A confusão patrimonial ocorreria quando se verificarem elementos de indistinção entre os bens de pessoas jurídicas e seus sócios, ou entre os bens de duas ou mais pessoas jurídicas. Essa situação levaria à desconsideração da personalidade jurídica, com o objetivo de responsabilizar os sócios, ou outras empresas de um grupo econômico, pelas obrigações de determinada empresa em específico.
A desconsideração se baseia na ideia de que a proteção da personalidade jurídica não deve ser utilizada para fins fraudulentos ou abusivos. A confusão patrimonial é um indício de que a personalidade jurídica está sendo desvirtuada.
Importante frisar, é previsão expressa da norma que não basta a existência de um grupo econômico para a desconsideração da personalidade de uma das empresas desse grupo por dívida da outra, é necessária a presença dos requisitos do caput do art. 50, dentre eles a confusão patrimonial.
Porém, a composição do quadro social de empresas pelos membros de uma mesma família não caracteriza necessariamente um ato ilícito passível de tornar essas empresas responsáveis pelos débitos da outra. O mesmo raciocínio se aplica ao fato de eventualmente ocuparem o mesmo endereço, até mesmo porque, se assim fosse, empresas sediadas em locais coletivos (coworking, ou condomínios de galpões, por exemplo) seriam todos solidários responsáveis automaticamente.

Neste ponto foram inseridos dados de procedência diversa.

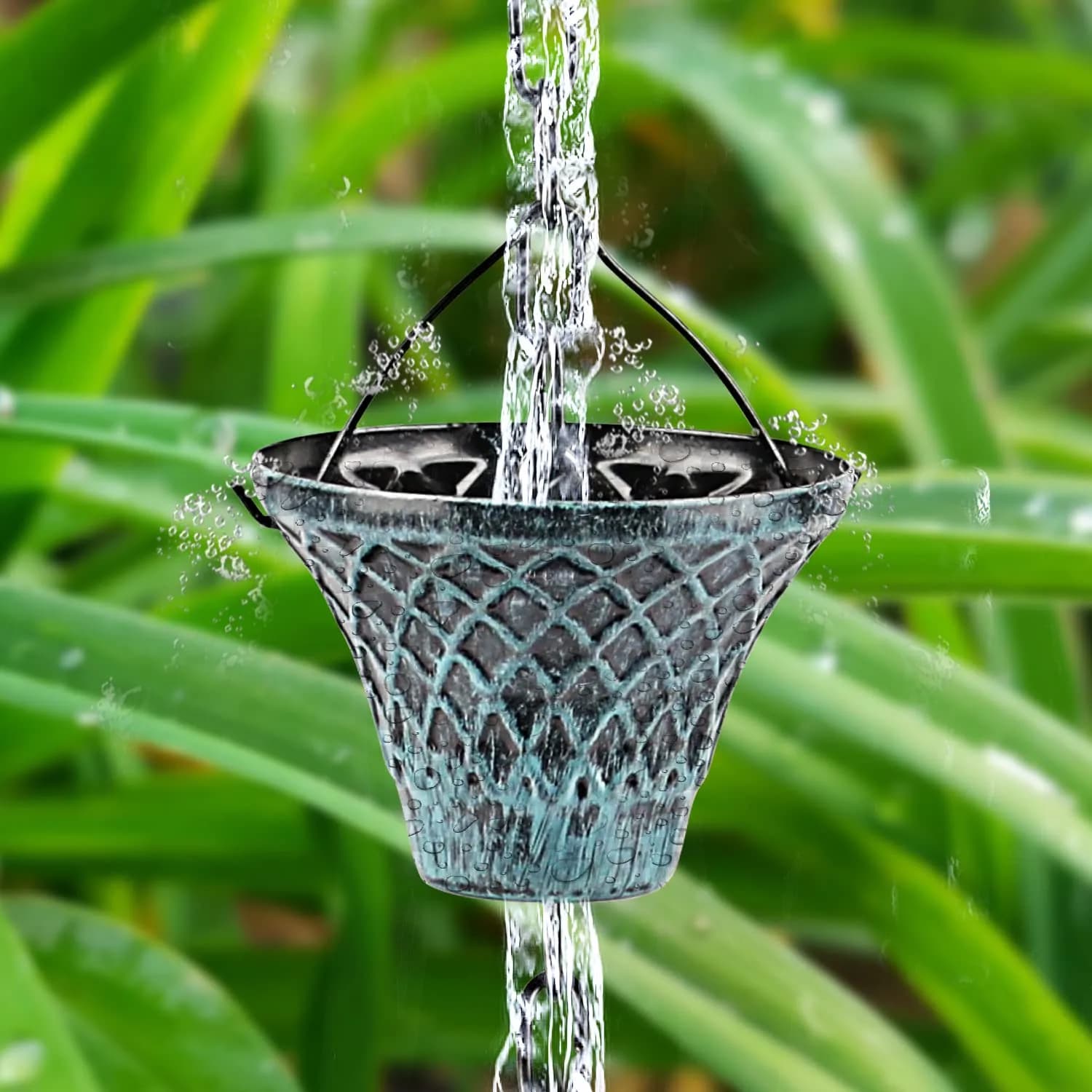 Tfro & Cile Blue Rain Chain Gutter Downspout Catcher - 2.59 m (8 1/2 Feet) - 2 Set - view 4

Vale destacar também que, a divisão de um negócio maior e complexo em mais de uma empresa, divisão administrativa (interna, portanto, a partir do interesse da sociedade!) igualmente não representa, por si só, responsabilidade comum de todas as empresas por todos as obrigações de cada um dos negócios desenvolvidos nas empresas.
Por fim, a inexistência de funcionários numa empresa, ou mesmo a concentração de funcionários em uma determinada empresa de um grupo econômico, não viola nenhuma legislação, ou mesmo representa um ato ilegal, simulado ou fraudulento que representaria um abuso de personalidade. Funcionários são alocados nas empresas que necessitarem, de acordo com a divisão de funções nas empresas; dito de outra forma, se uma atividade de uma empresa não precisa de funcionários, é um absurdo entender que a falta dele torna o negócio ilegal, fraudulento ou suspeito!
Há de se ter um mínimo de indício de um ato abusivo para a atribuição de responsabilidade, exatamente porque o terceiro necessariamente deverá ter concorrido para o descumprimento da obrigação.
Como já dissemos em publicações anteriores, a análise dos elementos do caso concreto deve ser detalhada e profunda, de forma a aplicar exatamente os requisitos legais, sob pena de incorreta subsunção dos fatos à norma, o que levaria a aplicação errada do instituto.
As regras previstas nas normas tributárias visam impedir que o tributo deixe de ser pago POR QUEM EFETIVAMENTE O DEVA, por conta de atos ilegais praticados com esta finalidade, de deixar de pagar tributo devido, mas jamais privilegiar, onerar o inocente que nada teve que ver com a inadimplência tributária.
Em hipótese alguma a previsão da lei tributária visa tornar ilegal um ato legal, autorizado por normas de outro ramo do Direito. Não se pretende tornar ilegal uma pessoa ser sócia de mais de uma empresa ao mesmo tempo, ainda que estas empresas atuem no mesmo endereço, no mesmo ramo de atividade ou mesmo tenham os quadros sociais compostos por pessoas da mesma família.
Atribuir responsabilidade a terceiros é decisão de extrema importância, que jamais pode prejudicar um inocente, ou mesmo ser aplicada sem a mais profunda análise de todos os detalhes do caso concreto, à luz da previsão legal específica.